WORK ITEM
Retype every line from the one containing "You can also" through the last line of the records below, both included; leave out the pictures.

DATASET EXCERPTS
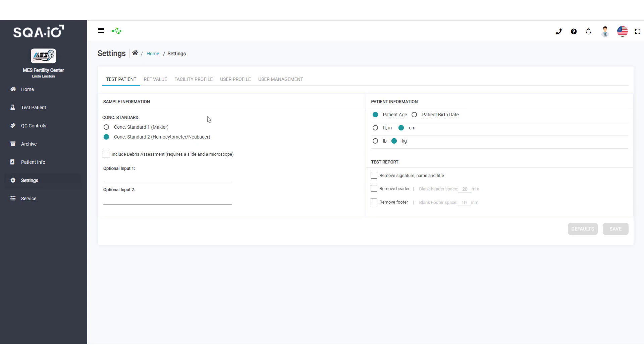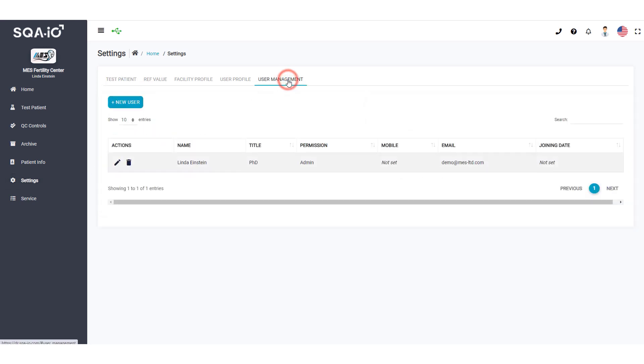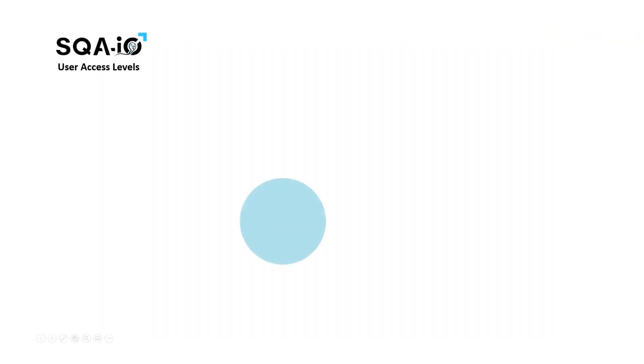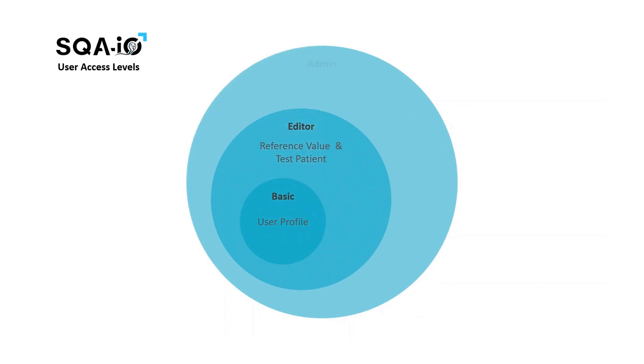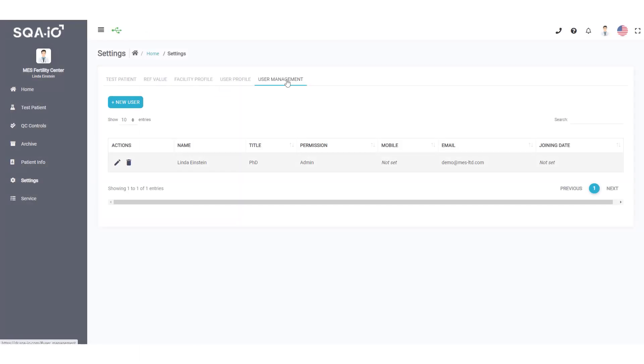Click User Management to comply with user traceability guidelines. The SQA-IO provides three levels of user access rights: Basic, Editor, and Admin. These three levels of SQA-IO access are clearly defined in the SQA-IO User Guide.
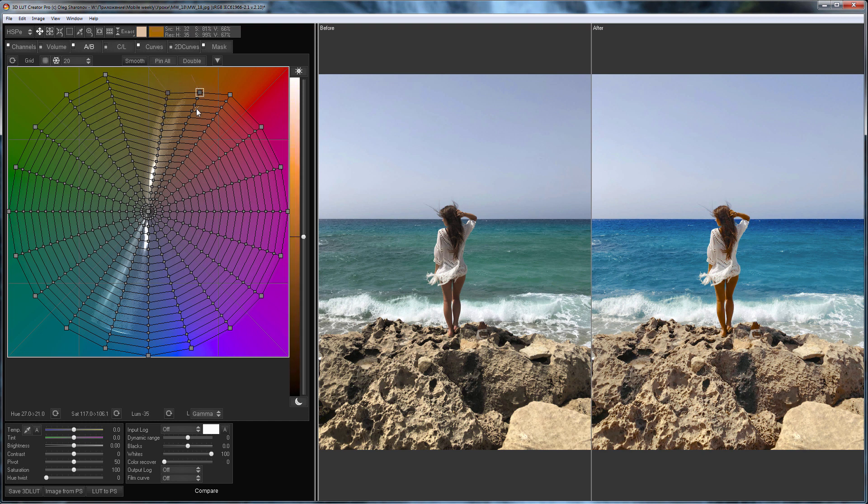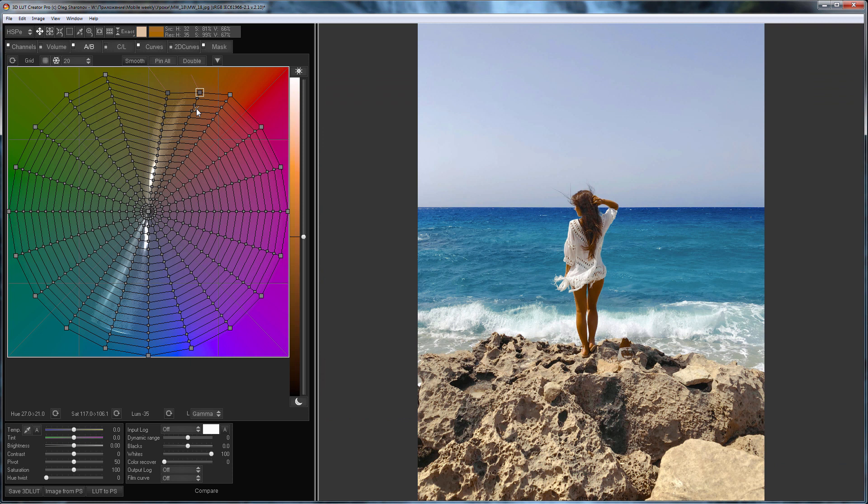Now the result suits me. Compare images before and after. That's all. See you in the next video.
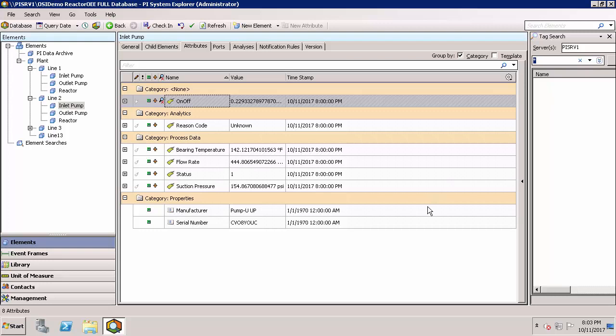Now that you have a better idea about what's possible and where you can complete certain tasks in PI System Explorer, you can explore other videos and playlists to learn how to implement what's important to you to get the most out of your PI System data using asset framework.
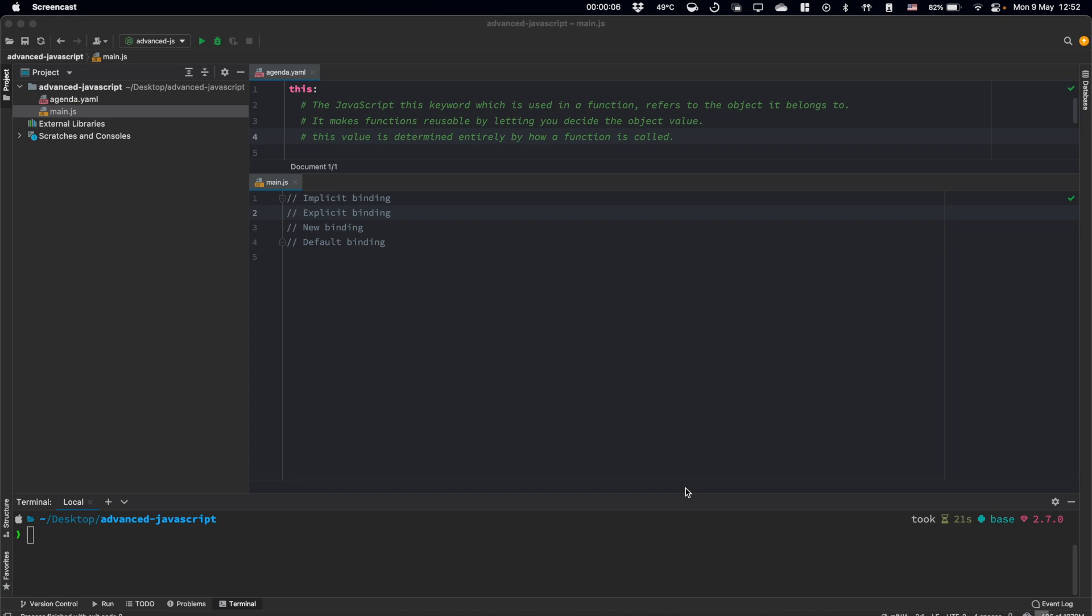In this video I'm going to cover the this keyword topic. Basically in JavaScript, the this keyword which is used in a function refers to the object it belongs to. It makes functions reusable by letting you decide the object value.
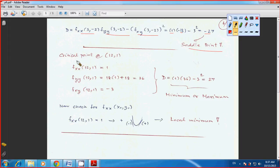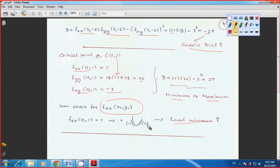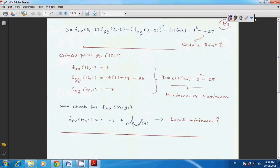At the critical point (12, 1): f_xx = 1, f_xy = −3, and f_yy = 18(1) + 18 = 36. So D = 1·36 − (−3)² = 36 − 9 = 27 > 0. Since D > 0, it can be local minimum or maximum. Checking f_xx = 1 > 0, this gives a local minimum. That is how you analyze the function in terms of local minimum or local maximum.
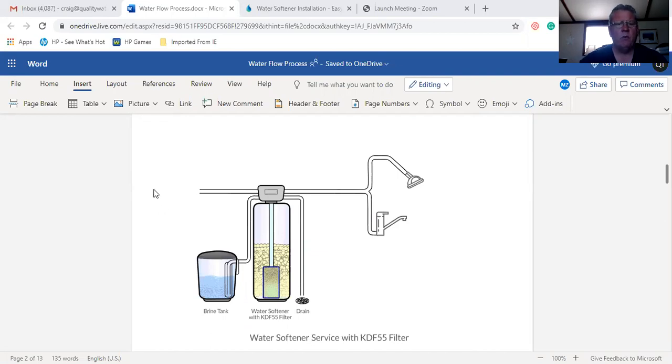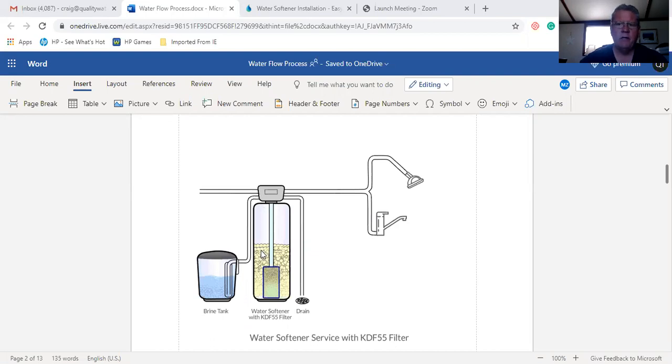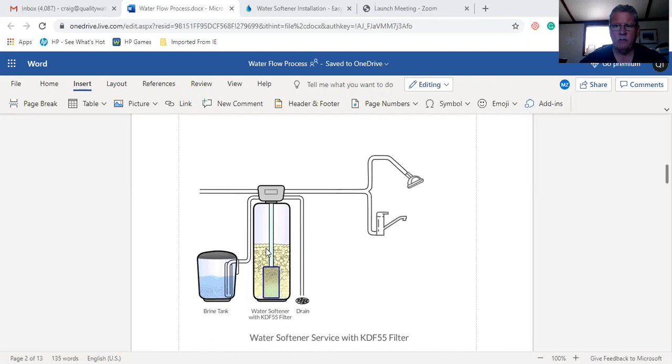The water runs through the softener through the main line here. It runs through the resin bed first. The resin bed has an ion exchange where it exchanges the hardness minerals for either sodium ions or potassium ions.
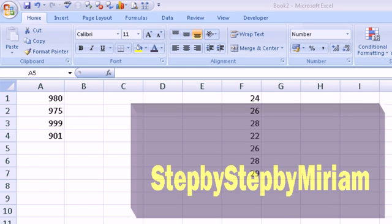Neil's question was: he has a list of values, and he would like to remove the lowest value and then get an average of the remaining values that are left.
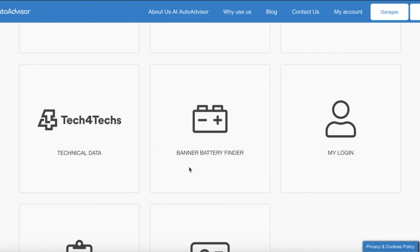We then have the Banner battery finder. Banner are another AutoAdvisor partner and have provided a useful link to their battery finder where you can find information on which is the correct battery to fit and also how to fit it when it comes to AGM batteries.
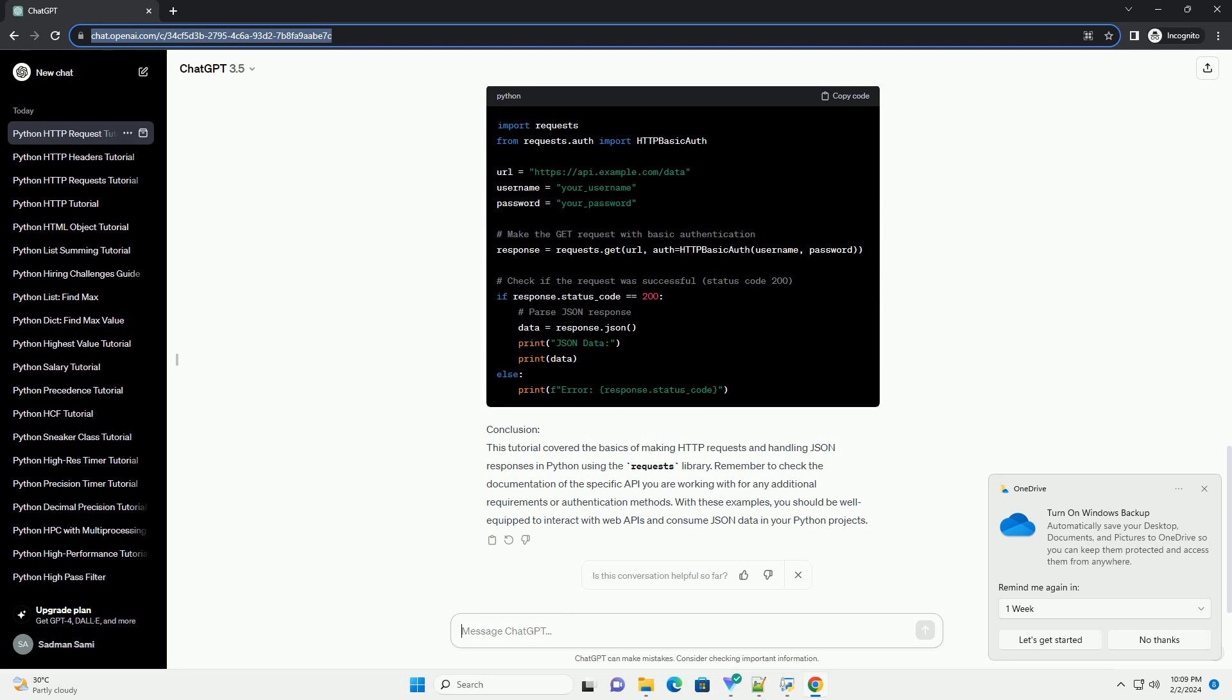Handling Authentication. If the API requires authentication, you can include authentication details in your requests. Here's an example using basic authentication.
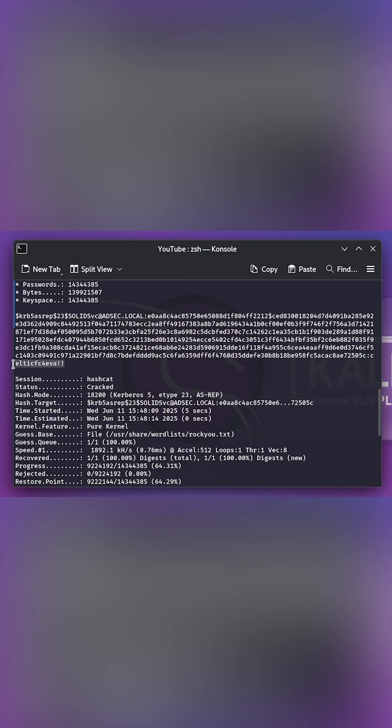This is pretty much how you accomplish ASREP roasting on the target. And I hope I was able to explain the complex concept in a really simple way. Thank you for watching this video. And if you did like it, please make sure to leave a like and subscribe if you want to.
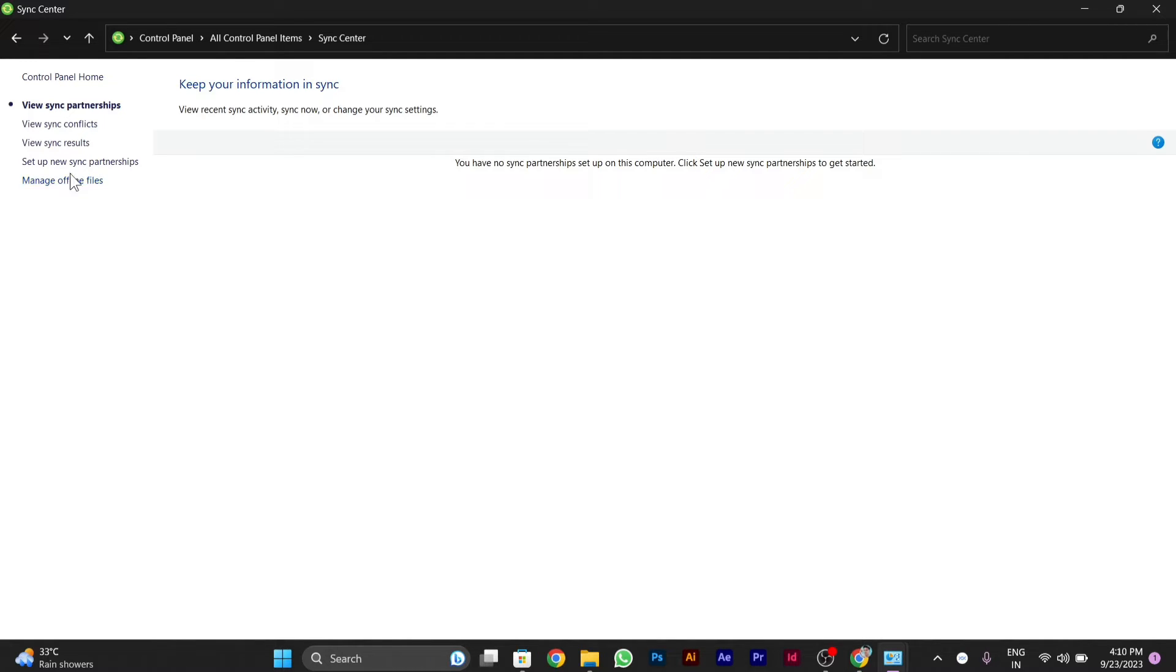After you open it, you will get the option to disable the syncing of data. You have to disable that.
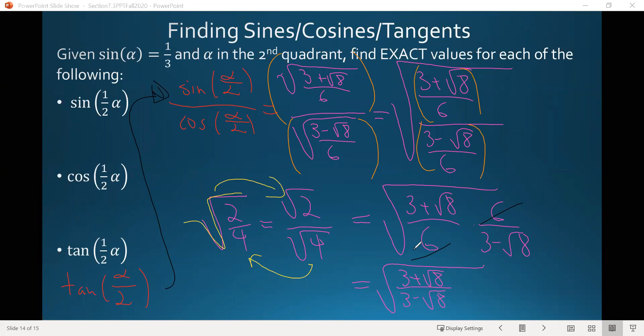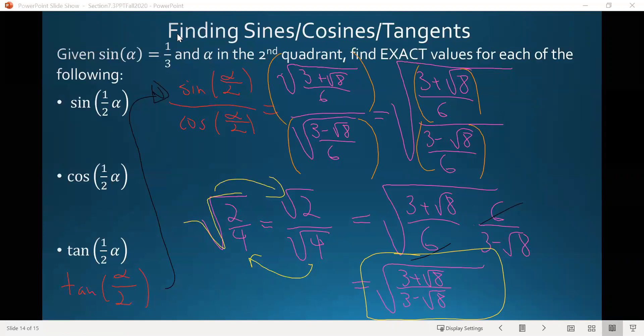That would be it for the tangent — we found an exact value. That's it for section 7.3. Thank you for watching.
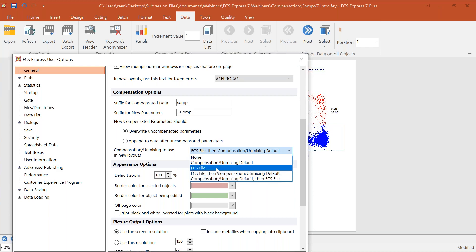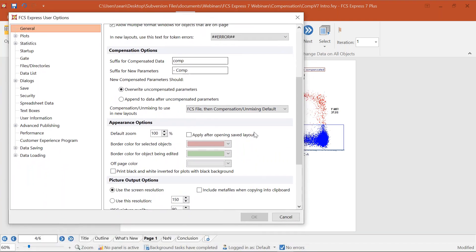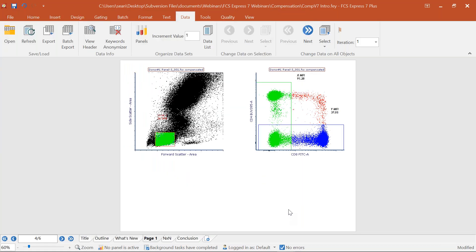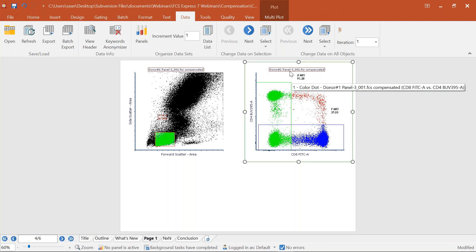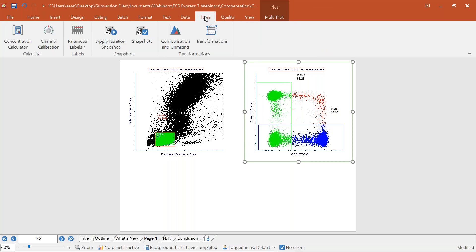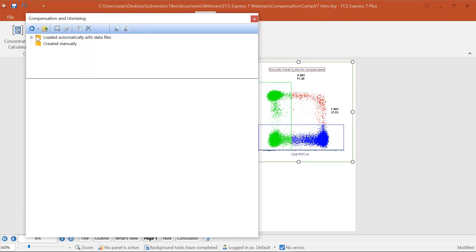You can also force FCS Express to use an FCS file compensation, a compensation default, or no compensation at all. We'll be leaving these options at the default for now, but when we come back to the compensation default you'll understand where this is defined. Once a data file is opened in FCS Express and you see it says 'compensated', you can access all compensation information in the Tools tab under Compensation and Unmixing.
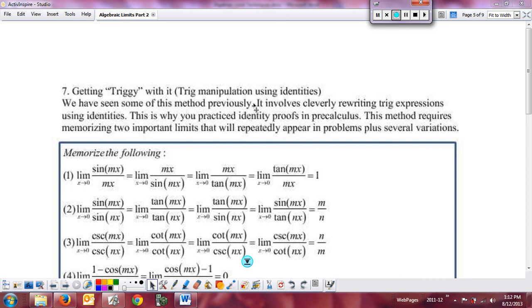All right, so we're coming back to part two of our algebraic methods notes, and now we're going to be dealing with the trig.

RESULT FOR THIS EXERCISE
You can also force FCS Express to use an FCS file compensation, a compensation default, or no compensation at all. We'll be leaving these options at the default for now, but when we come back to the compensation default you'll understand where this is defined. Once a data file is opened in FCS Express and you see it says 'compensated', you can access all compensation information in the Tools tab under Compensation and Unmixing.
All right, so we're coming back to part two of our algebraic methods notes, and now we're going to be dealing with the trig.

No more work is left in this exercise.